Mel Ott's Last Game
When I first became interested in the game Mel Ott was the greatest player in the game, at least in the NY area during the last part of WW2.
I saw him homer in each game of a twin bill vs. the Reds, lining balls into the upper stand in right at the PG with that rapid jackknifing of his front leg and arms before his swing. Nobody else had a swing like this, and he basically did it on every pitch whether he swung or not. This was in 1945, and they were HR #'s 503 and 504. I found that out by looking on Retrosheet.
Two years later, July 1947, he pinch hit against the Cardinals and drove a couple of hard fouls down the 1st base line that bounced off the low screen in front of those boxes that jutted out almost to the foul line. He then grounded to Musial unassisted for his final MLB AB. At the time of course no one knew (except maybe Mel) that it would be his final appearance. The paper the next day said it was his fourth pinch hitting appearance of the year, and next year's Guide said Mel played in 4 games in his final year, so I kind of knew then but Retrosheet confirmed it.

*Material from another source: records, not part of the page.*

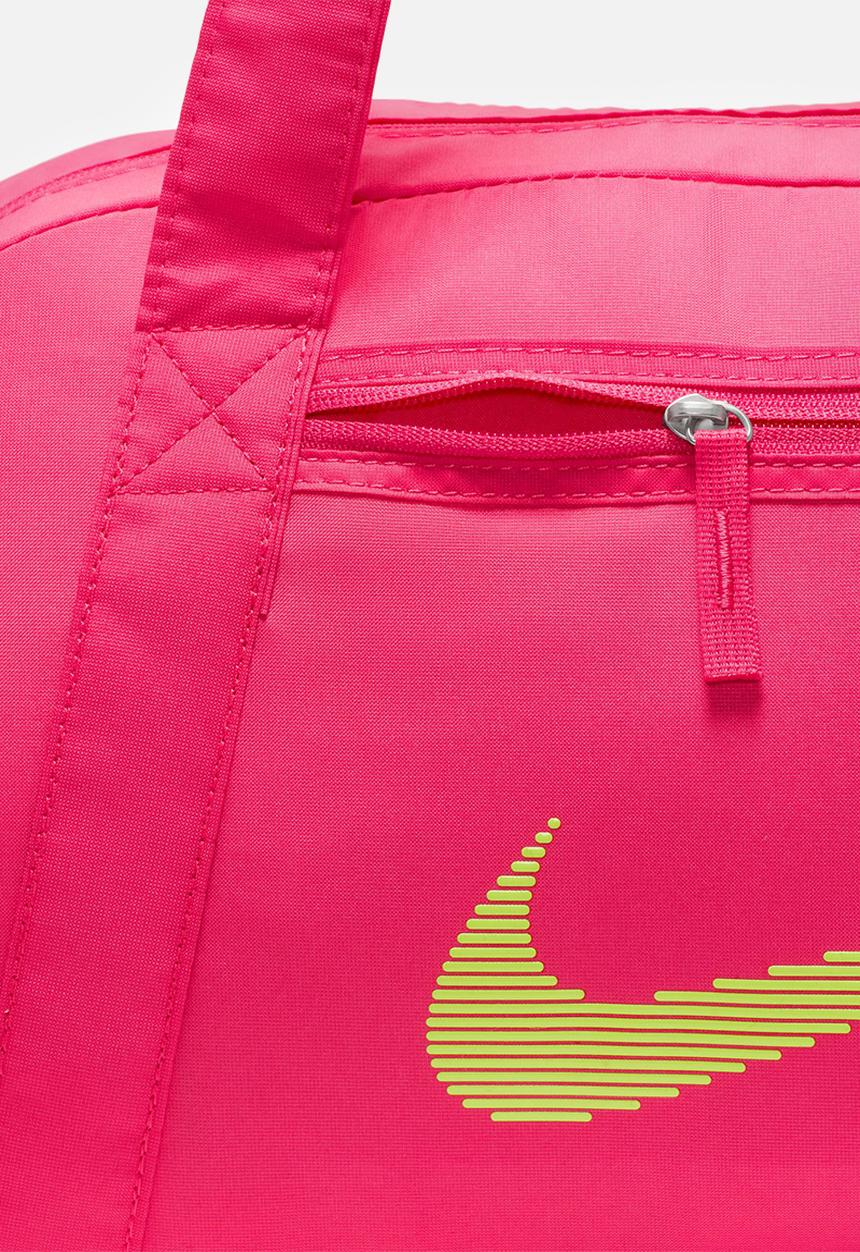 Nike - Nike Gym Club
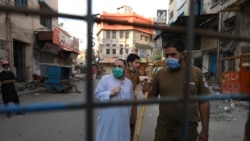 وبا کا پھیلاؤ روکنے کے لیے پاکستان میں لاک ڈاؤن بھی کیا گیا۔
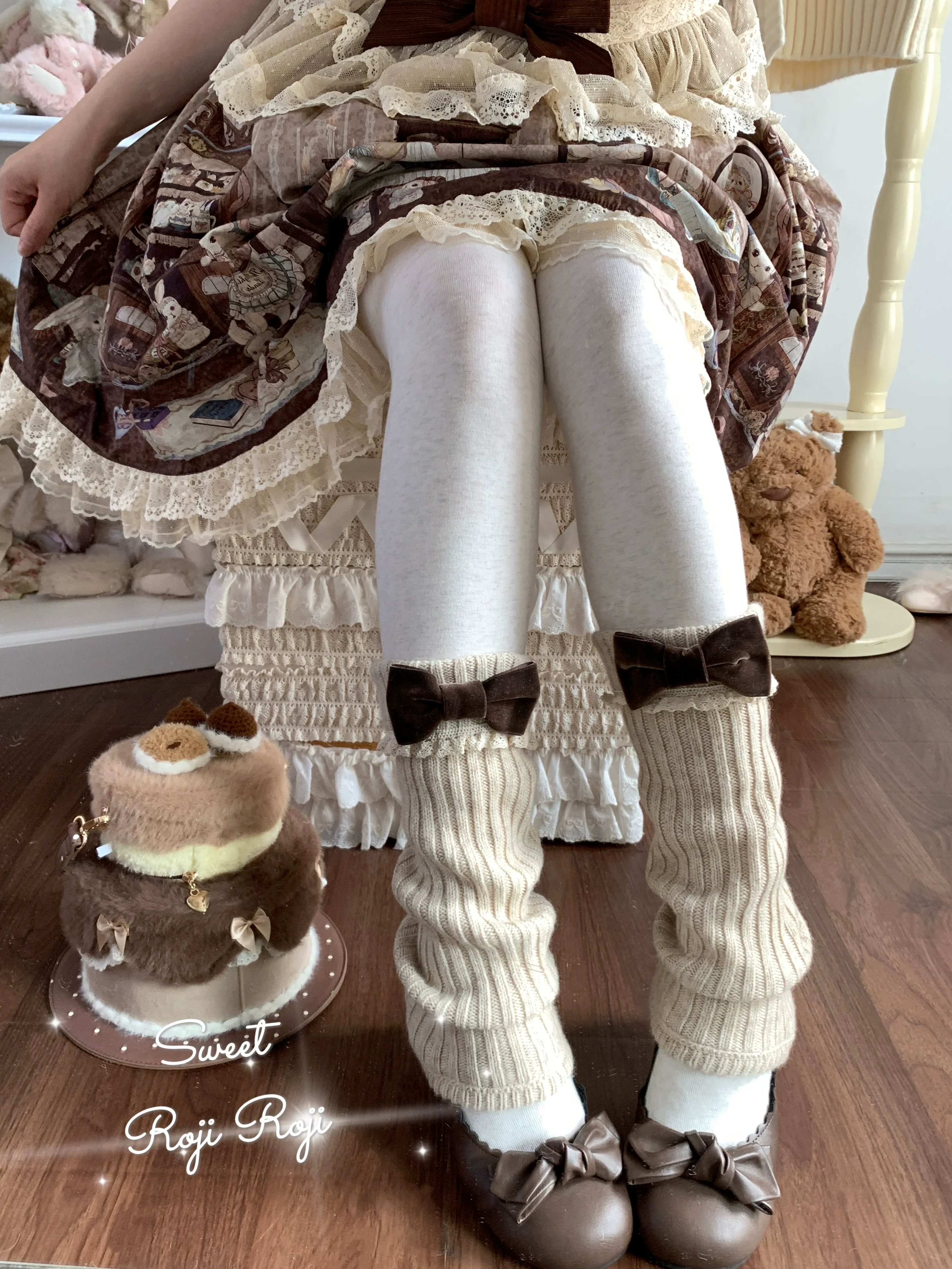 Roji Roji - Flared-Hem Lolita Leg Warmers, Velvet Bows - Image 2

In looking at the box score of that game I saw in '47, there were seven future HOFers (including Medwick for the Cards and Lombardi who singled even though Marion and Kurowski were playing on the OF grass).
Thanks for sharing that with us Bob. We always love hearing from people that were eye witnesses to the history of the game. You certainly picked one of the greats to become a fan of.
Nice contribution; thanks for it.
I was at a game at Ebbets Field during the War ('43-45, I think) and the Giants were behind the Dodgers by several runs in the ninth inning.
Mel Ott came up to pinch-hit in the ninth, and to my astonishment he was greeted with a standing ovation by the mostly pro-Brooklyn crowd. Musial and Hubbell were appreciated by those fans, but I think their feelings were stronger for Ott.